AlphaGenome can analyse up to one million DNA letters at once and predict thousands of molecular properties characterising its regulatory activity. Furthermore, the model scores the effects of genetic variants or mutations by comparing predictions of mutated sequences with unmutated ones.
This tool accurately predicts how single variants or mutations in human DNA sequences influence a range of biological processes. Uncovering and predicting minuscule changes in noncoding regions could help scientists better understand cancers and rare diseases, thus revolutionising personalised medicine.
The human genome stores most of its instructions in genetic “dark matter,” i.e., the 98% of DNA that does not code for proteins. Historically, scientists have dismissed non-coding DNA as junk, but recent revelations show that this DNA controls when and how genes turn on and off. Finding these control switches could allow researchers to better design therapies that target genetic conditions.
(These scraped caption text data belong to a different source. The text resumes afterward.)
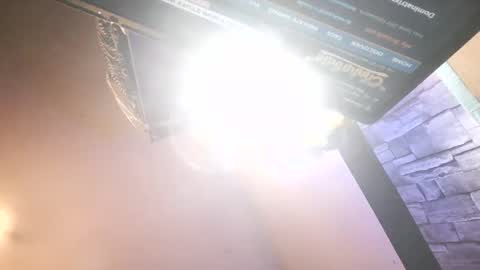 Dominatrixredsonyja666666 online show from 10-03-25, 05:04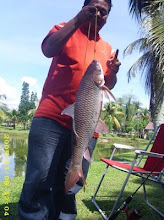 Tempat ke 2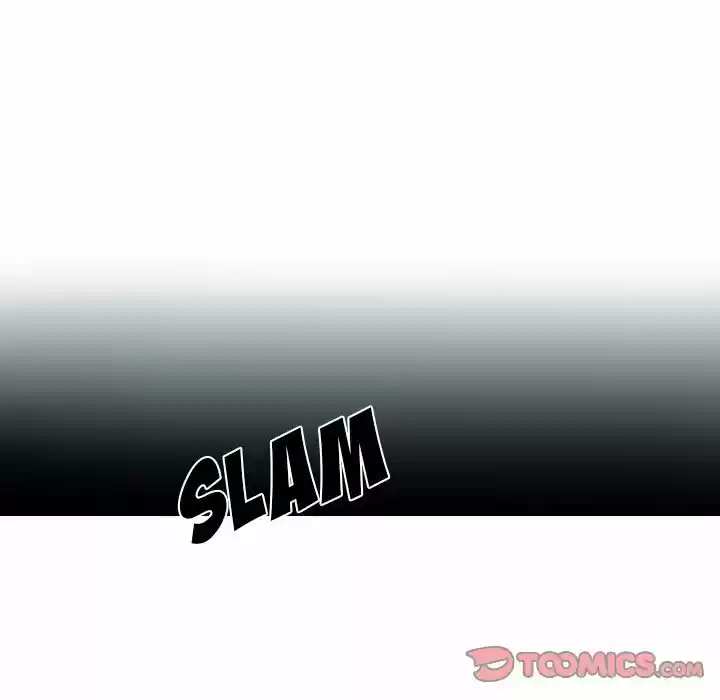 End And Save Chapter 95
The training data was sourced from large public consortia like ENCODE, GTEx, 4D Nucleome, and FANTOM5, which experimentally measured properties covering key modalities of gene regulation across hundreds of human and mouse cell types and tissues. Therefore, the model was trained on an expansive and robust dataset.
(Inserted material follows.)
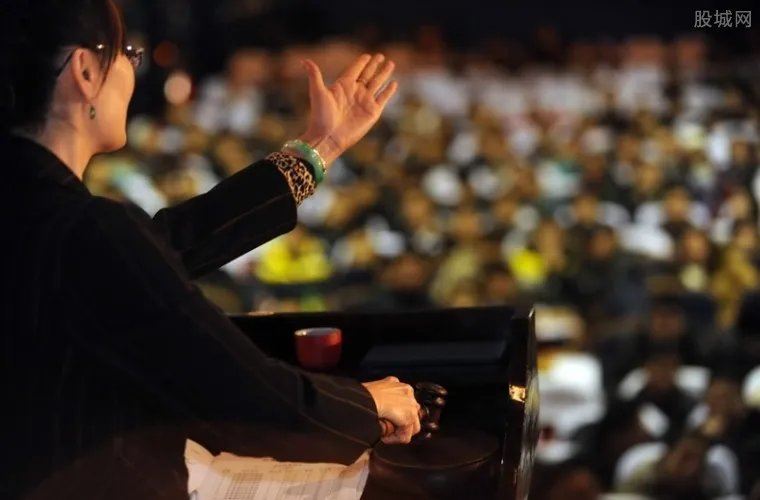 泰坦尼克天价家书 成交价110万是真的吗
Some of the predicted properties include where genes start and end in different cell and tissue types, where they are spliced, and the volume of RNA produced.
AlphaGenome used previous genomics models like Enformer and AlphaMissense as jumping points. They specialise in categorising the effects of variants within protein-coding regions.
Dr. Caleb Lareau, Assistant Member in Computational and Systems Biology, at the Memorial Sloan Kettering Cancer Center said: “It’s a milestone for the field. For the first time, we have a single model that unifies long-range context, base-level precision, and state-of-the-art performance across a whole spectrum of genomic tasks.”
Analysis showed that AlphaGenome achieves state-of-the-art performance across a wide range of genomic prediction benchmarks. Finally, AlphaGenome’s generality will also allow researchers to modify and fine-tune it on their own datasets to address their individual research questions better.